Gavin has asked for the wisdom of the Perl Monks concerning the following question:

Hi Brethren,
I am trying to count the number of times "trigger words" held in an array appear in a text file held in a hash.
The lines of text are split into sentences and held separately in the hash. If the trigger word occurs more than once I would like to be able to count multiple occurrence of the same word.
Got so far but am now a bit stuck!
foreach my $key2 ($keys %UnNum){ foreach my $word(@midWords){ if $word == $key2 { $UnNum{$key}++; } } }
Any pointers where I am going wrong would be much appreciated This is the content of the Array the trigger words
bodi forc twice mass acceler law

The content of the %UnNum is in the format
35 forc two bodi twice strong on bodi sai bodi mass 39 you expect on think new bodi made two bodi origin 60 attract bodi b origin force 46 total forc b twice origin force 34 sai on bodi twice mass three time mass forc six 17 on now see why bodi fall same rate bodi twice
I would like to increase the value for each line by 1 for each occurrence of "bodi", "forc" "twice" etc. First line value up by 5 to 40
40 forc two bodi twice strong on bodi sai bodi mass 41 you expect on think new bodi made two bodi origin
Hope that helps to explain better.

Replies are listed 'Best First'.
Re: Counting instances in a hash from an array
by ikegami (Patriarch) on Mar 23, 2006 at 19:50 UTC

    When comparing strings, use eq, not ==. Using the latter will convert the strings into numbers before comparing them.
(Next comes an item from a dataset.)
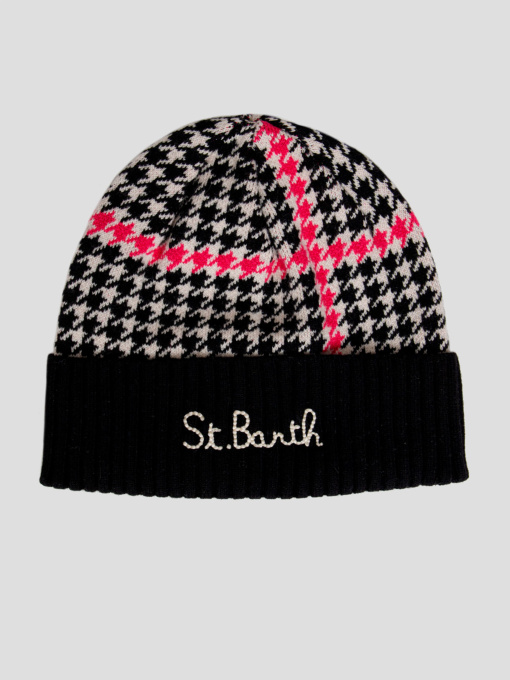 Шапка MC2 SAINT BARTH модель HOD0006.00894E Фото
    The proper syntax for if is if (...) { ... }. The parens are missing in your code.

    Update: The OP updated his node to include sample data. It seems he is still storing the score (a number he wishes to change) as the key to the hash. He was told this was a bad idea, and he was given several solutions to his question in an earlier post.

      Is he? It looks more like he's trying to store the count as the hash-value (reasonable imho), and the word as the key - what have I missed?

      Tom Melly, tom@tomandlu.co.uk
        If you look at the code, he's incrementing the value, but if you look at his data (pasted below), the number to increment is in the key. It's not clear from that data that the left column is a key -- it could be an HoA -- but in the past, he explicitely said the score (the number to increment) is in the key.
        35 forc two bodi twice strong on bodi sai bodi mass 39 you expect on think new bodi made two bodi origin 60 attract bodi b origin force 46 total forc b twice origin force 34 sai on bodi twice mass three time mass forc six 17 on now see why bodi fall same rate bodi twice
Re: Counting instances in a hash from an array
by GrandFather (Saint) on Mar 23, 2006 at 19:57 UTC

    Your sample code does not seem to relate to your question very much. You should provide some sample data, the output that is generated, and what you expected to be generated.

    The following follows the sense of your description, not of your code:

    use strict; use warnings; my @midWords = qw(stop start finish); my %sentences = ( 1 => "Start starts the start sentence.", 2 => "This is a sentence in the middle.", 3 => "This is not the start or the finish, nor even a good place t +o stop.", 4 => "This is the finish and a good place to stop." ); my %testWords; @testWords{@midWords} = (0); foreach my $sentence (values %sentences){ for (split /\W/, $sentence) { ++$testWords{lc $_} if exists $testWords{lc $_}; } } print join "\n", map {"$_ => $testWords{$_}"} sort keys %testWords;

    Prints:

    finish => 2 start => 3 stop => 2

    Read I know what I mean. Why don't you? for some tips on posting this sort of question.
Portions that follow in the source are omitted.